[Collected data entries]
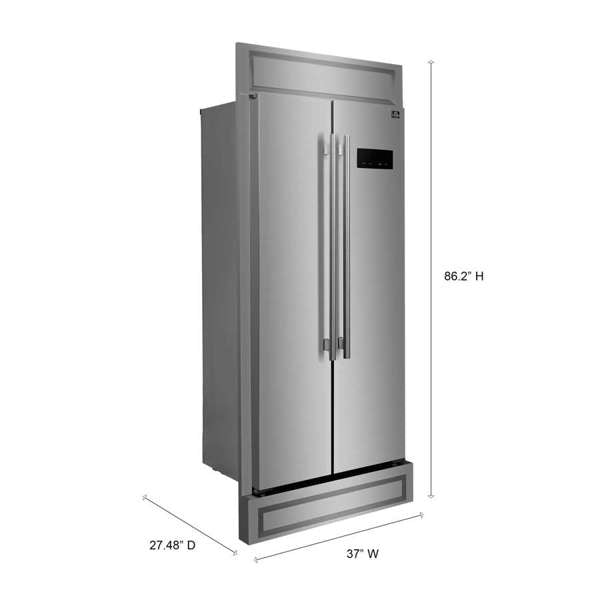 FORNO - Forno Salerno 33" Built-in Stainless Steel Refrigerator 15.6 cu. ft - With Modern Decorative Grill - 37" Wide | FFRBI1805-37MG FORNO - Forno Salerno 33" Built-in Stainless Steel Refrigerator 15.6 cu. ft - With Modern Decorative Grill - 37" Wide | FFRBI1805-37MG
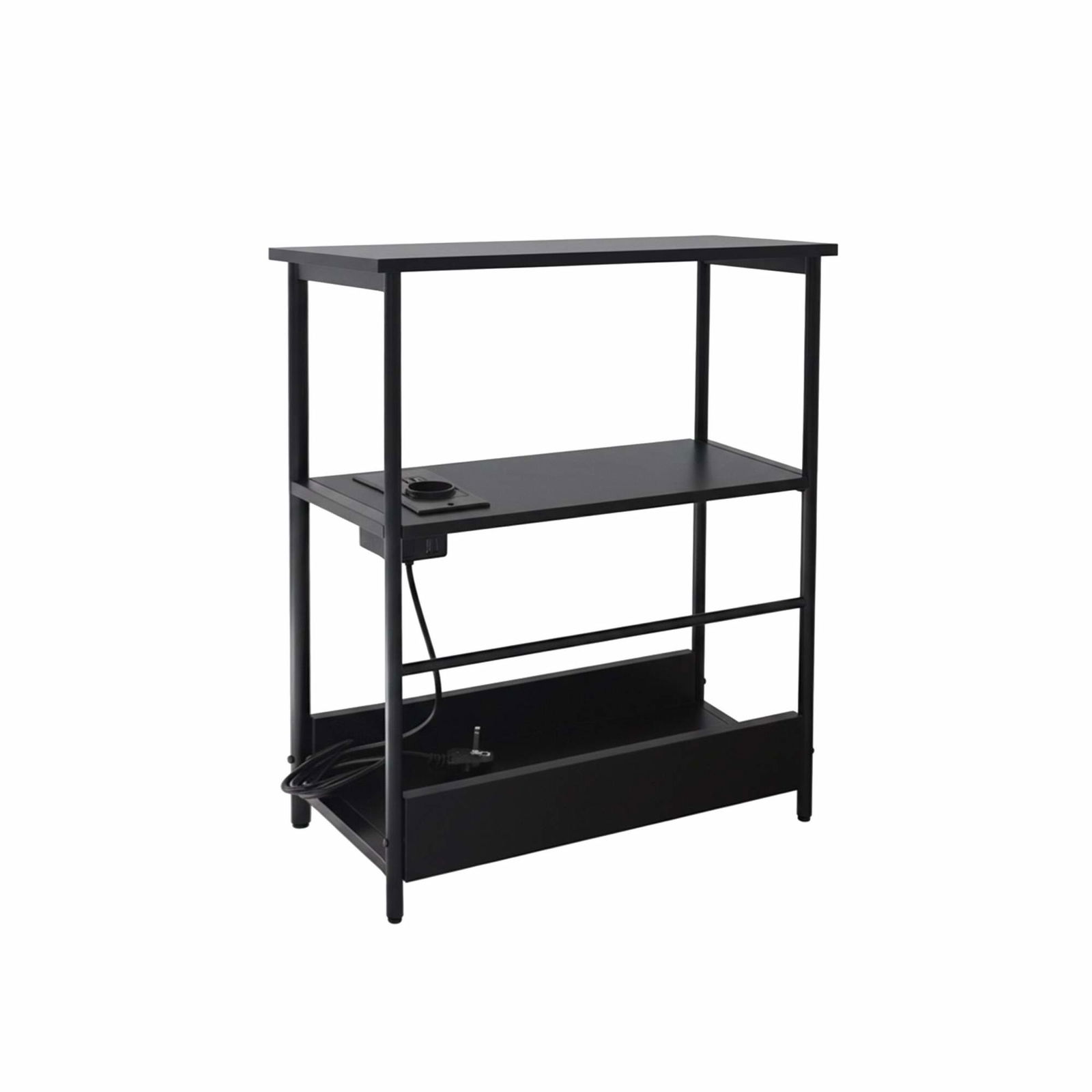 Smalt sidobord med USB-laddningsstation och hyllor | Hem & Hobby | Pryloteket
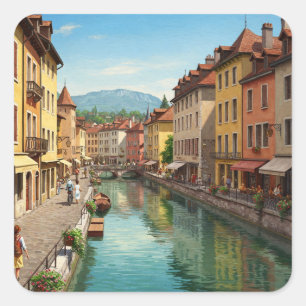 Annecy France Vierkante Sticker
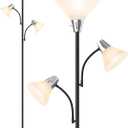 LEPOWER Floor Lamp, Bright Standing Lamp with Replaceable 3000K LED Lights | Easy to Assemble, Individual Rotary Switch, Adjustable Side Reading Light, E26 Modern Lamps for Bedroom, Office, Living Room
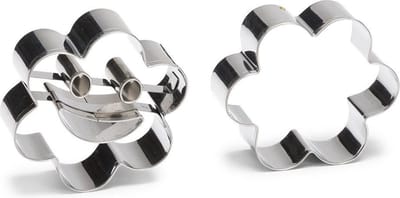 uitsteekvormen Bloem 6 cm RVS zilver 2-delig
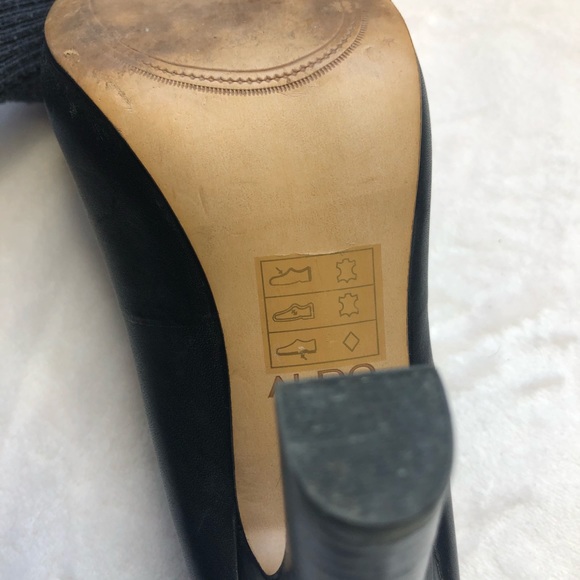 Aldo shoes pump black leather thick heel 7.5 - Picture 3 of 7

-- Your goal --
Can you quote exactly, and only, the lines from the one containing "Annecy France Vierkante Sticker" through the last line of the records above, keeping both ends and leaving out any pictures?

-- Finished exercise --
 Annecy France Vierkante Sticker
 LEPOWER Floor Lamp, Bright Standing Lamp with Replaceable 3000K LED Lights | Easy to Assemble, Individual Rotary Switch, Adjustable Side Reading Light, E26 Modern Lamps for Bedroom, Office, Living Room
 uitsteekvormen Bloem 6 cm RVS zilver 2-delig
 Aldo shoes pump black leather thick heel 7.5 - Picture 3 of 7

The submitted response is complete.